The things you can find on Google
It neve seases to amase me

September 13th, 2004  
Boobies
 
 

Topic: Hmmm...


You were saying Chinese brought in technologies to build Taiwan during the early days. Then you immediately said Chinese didn't do nothing excpt dying at the road side. So which information is correct?

How about the Ming's general who drove Dutch out of Taiwan? If Chinese didn't do that, then who did? So, if TW people did love independent so much, why didn't they fought against the evil Chinese settlers? I am sure there were lot more natives than the evil Chinese at that time.

So, when General Jiang Jie Shi retreated to Taiwan, he never really helped to build Taiwan neither? I am not saying he never did horrible things to TW people, but TW's today should be credited this man as well? No? Of course, the people of TW did a good job as well.

So, in your opinion, Chinese never did anything for Taiwanese?
September 14th, 2004  
godofthunder9010
 
 
I believe that the primary point was not "China never did anything for Taiwan". That would be silly. It was more that Taiwan has/had a separate and distinct culture from China since ancient times. Helping the development of another country doesn't make it part of yours. Neither does conquest, as we can clearly see after the fall of the Roman Empire.
September 14th, 2004  
SAINT
 
I believe Taiwanese have kept their Chinese traditions and values better than China.

why? ever since the Cultural Revolution which lasted 10 years, China has been baptised with doctrines that declare itself a NEW China.. a China that does not treasure its ancient traditions anymore.

Educated people, writers, singers.. many more, were tortured, some tortured to death during the crazy 10 years of cultural revolution which was started by Mao in the '60s. It was to consolidate his power.

so China lost its traditions first through communism, then through the cultural revolution.
September 14th, 2004  
godofthunder9010
 
 
Taiwan is a "nation" that is divided of course.
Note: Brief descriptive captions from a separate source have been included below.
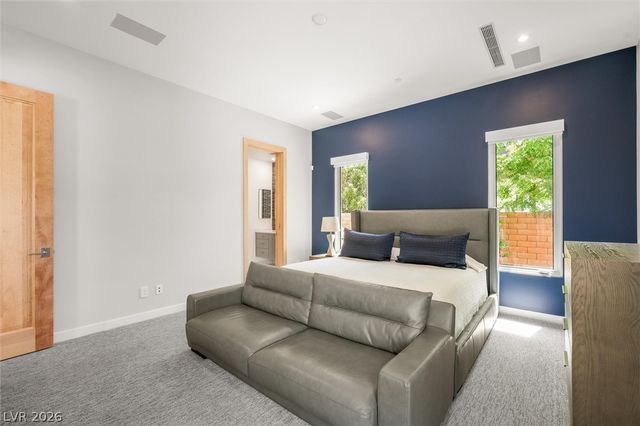 11 Hawkeye Lane, Las Vegas, NV 89135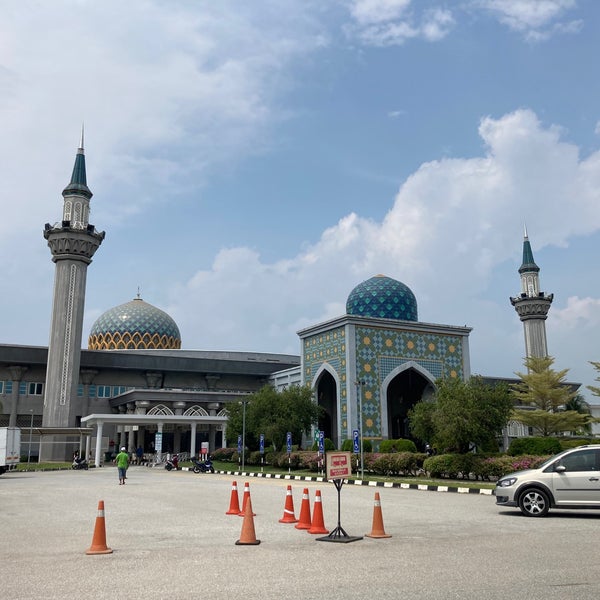 Photo taken at Masjid KLIA (Sultan Abdul Samad Mosque) by يوسف أ. on 12/24/2021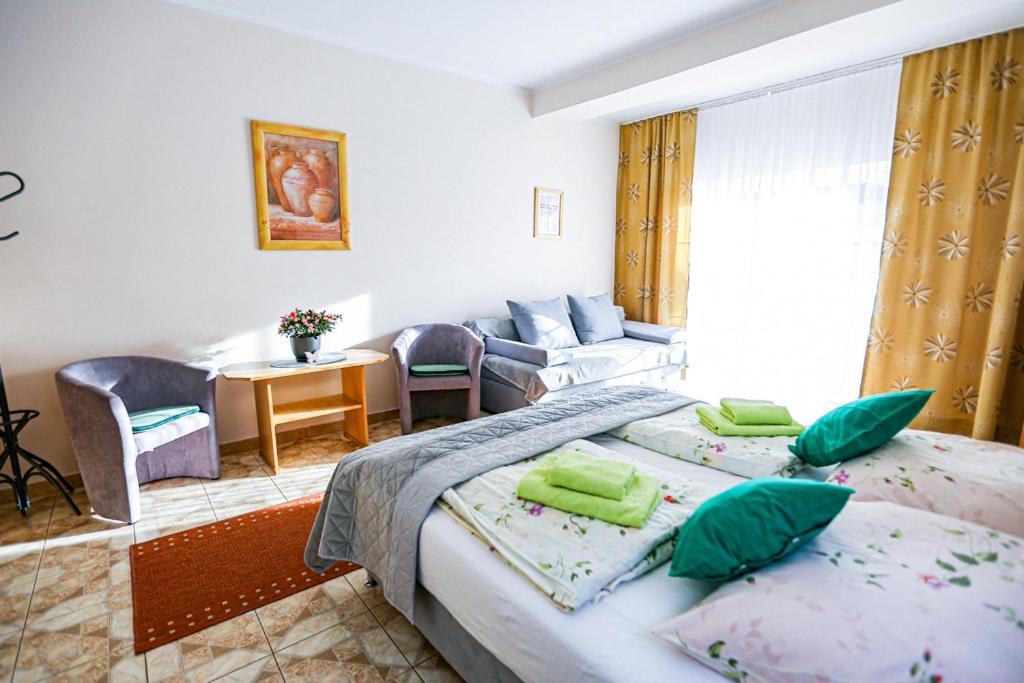 Quadruple Room photo 1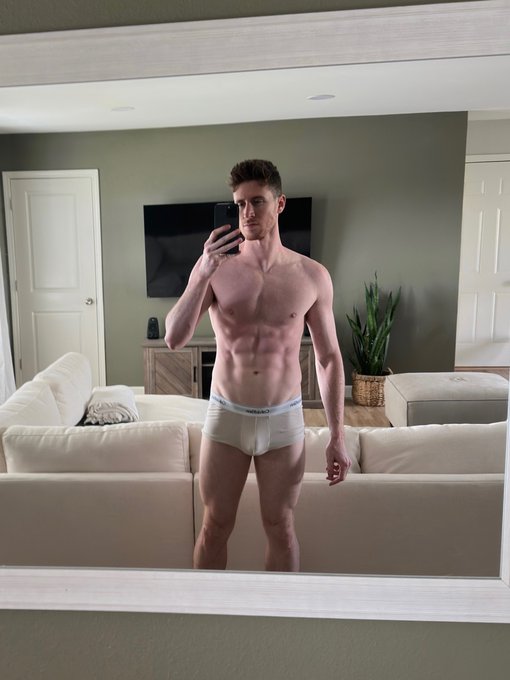 Do you like my Calvins? #fitness https://t.co/QnawKGQ32T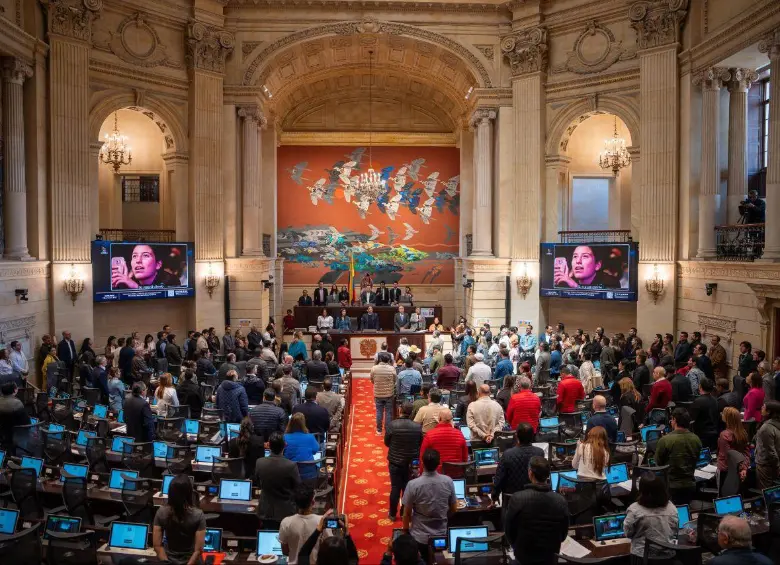 Los congresistas decidieron acoger nuevamente el texto del Senado de la República, avalado un año atrás, con lo cual, en teoría, subsanaron el vicio de trámite señalado por la Corte Constitucional. Foto: Cortesía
There is the Chinese population (many of whom came with Chaing Kaishek) and there is the native population. The two groups are almost exactly equal in size to my understanding, but the Chinese half has controlled the destiny of the island since Chaing got there. But yes, the portion of them that is Chinese probably has done a better job of maintaining many of the Chinese traditions. On the other hand, mainland China looks at them as being too Western. Seems kindof silly since Communism is a very Western idea anyway. The biggest problem about Taiwan ... there's so much controversy that we cannot rationally discuss much of anything about it in this forum.
September 17th, 2004  
SAINT
 
India didn't take Sri Lanka or claim it back, though Sri Lanka was beside India.
http://go.hrw.com/atlas/norm_htm/asia.htm

China shouldn't take Taiwan as its own.. China should learn from India and be more benevolent.

Isn't that right?
September 17th, 2004  
Boobies
 
 

Topic: Hmmm...


Was Sri Lanka in India's map, or just a colony?

If was a colony, then India had no rights to claim it back.

TW was part of China until Japan forced China to annexed to Japn. So, does it belong to Japan then?

Heheh the same old tradtion you mentioned almost destroyed China during the Ching dynasty. Remeber the eight countried that divied China?